Carol Cinquini, the vice president of the Lake Pillsbury Alliance, which represents homeowners along the reservoir and advocates for retaining the Potter Valley Project, called PG&E’s cost estimate “only the beginning.”
“The true costs of decommissioning will be far greater than PG&E’s estimated half a billion plus to remove the Eel River dams,” Cinquini told SFGATE via email. “There will be substantial costs to construct new water infrastructure and new water storage to meet the needs of the 650,000 downstream water dependents, and millions in annual costs for continued water diversions and restoration. The cumulative costs are likely to exceed $2 billion ... and the taxpayers and PG&E ratepayers will be on the hook for it.”
PG&E insists that tearing down the Potter Valley Project is still the cheaper option. “The decommissioning of the project at the end of the day still costs our customers less than to continue to own and operate the project,” said Janet Walther, the utility’s director of licensing and compliance. When SFGATE asked whether the public perception that customers will foot the bill was accurate, Walther said “yes,” explaining that the decommissioning costs were included in the utility’s General Rate Case.
Additionally, PG&E is asking regulators for permission to dip into its hydroelectric decommissioning fund, a pool of ratepayer money the utility sets aside specifically for retiring hydroelectric projects, to help cover the $532 million price tag. The idea, as Walther put it, is “so that the customers who had the benefit of the generation and the hydro facility at the time are also the same customers that are, in the long term, paying for a potential future decommissioning.”
When SFGATE asked to see the financial analysis that led PG&E to conclude it was cheaper to tear down the Potter Valley Project than continue its operation, Walther said, “That level of economic analysis is not something that we put out in the public.”
Despite public outcry, Walther said PG&E didn’t simply walk away from the Potter Valley Project. After announcing in 2019 that it would not pursue a new license for the facility with the Federal Energy Regulatory Commission, PG&E tried to sell it.
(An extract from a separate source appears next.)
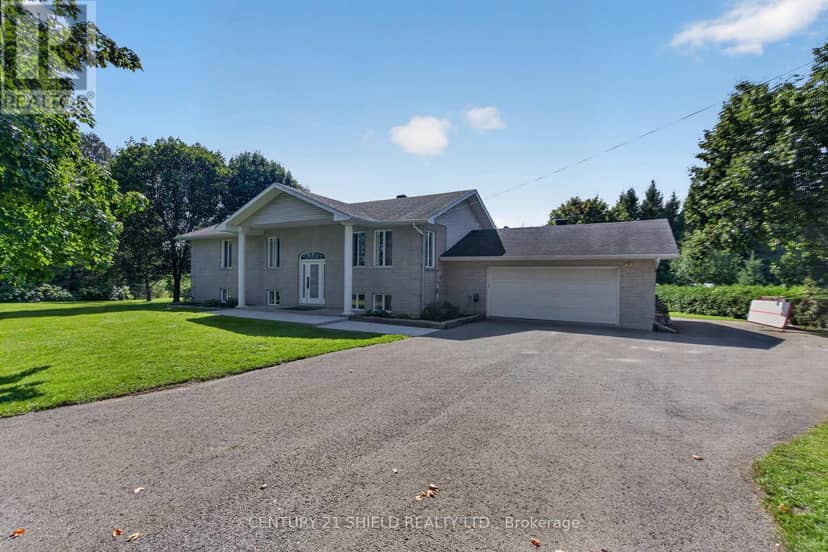 17070 Speer Road, South Stormont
“We tried to divest it on the open market,” Walther said. “Nobody stepped forward.”
With no buyer, the commission ordered PG&E to develop a formal surrender plan, a draft of which was released Jan. 31, 2025. The final plan is expected to be submitted this July.
PG&E admits tearing down the Potter Valley Project could rattle the Russian River watershed. In its draft plan, the utility warns of “unavoidable adverse impacts” to water reliability, farming and recreation once diversions stop flowing into the east branch.
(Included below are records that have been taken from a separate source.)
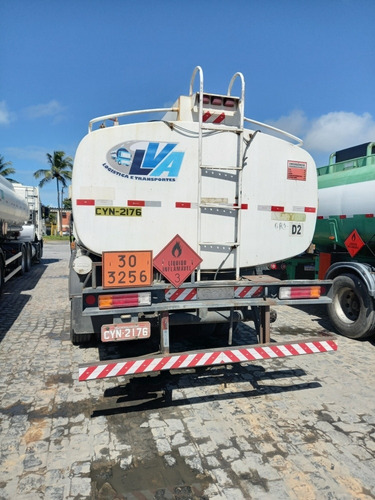 Imagem 6 de 9 de Carreta Tanque 35000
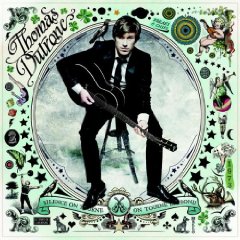 Thomas Dutronc - Silence On Tourne, On Tourne En Rond 2011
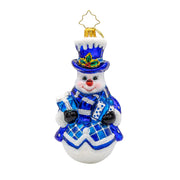 Gifts of Snow Cheer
Dave Canny, PG&E’s North Coast vice president, told SFGATE the company is working with the Eel-Russian Project Authority to soften the blow of decommissioning. That includes repurposing parts of the existing system and taking a gradual approach to dismantling. “We want to do right by the people delivering water downstream,” he said, emphasizing PG&E’s careful coordination with local agencies.
Regardless of PG&E’s slow march toward dismantlement, Cinquini believes the battle isn’t over. The utility may have filed its surrender, but she sees room for resistance and a better future. “With political will,” she said, “the question of ownership could be figured out.”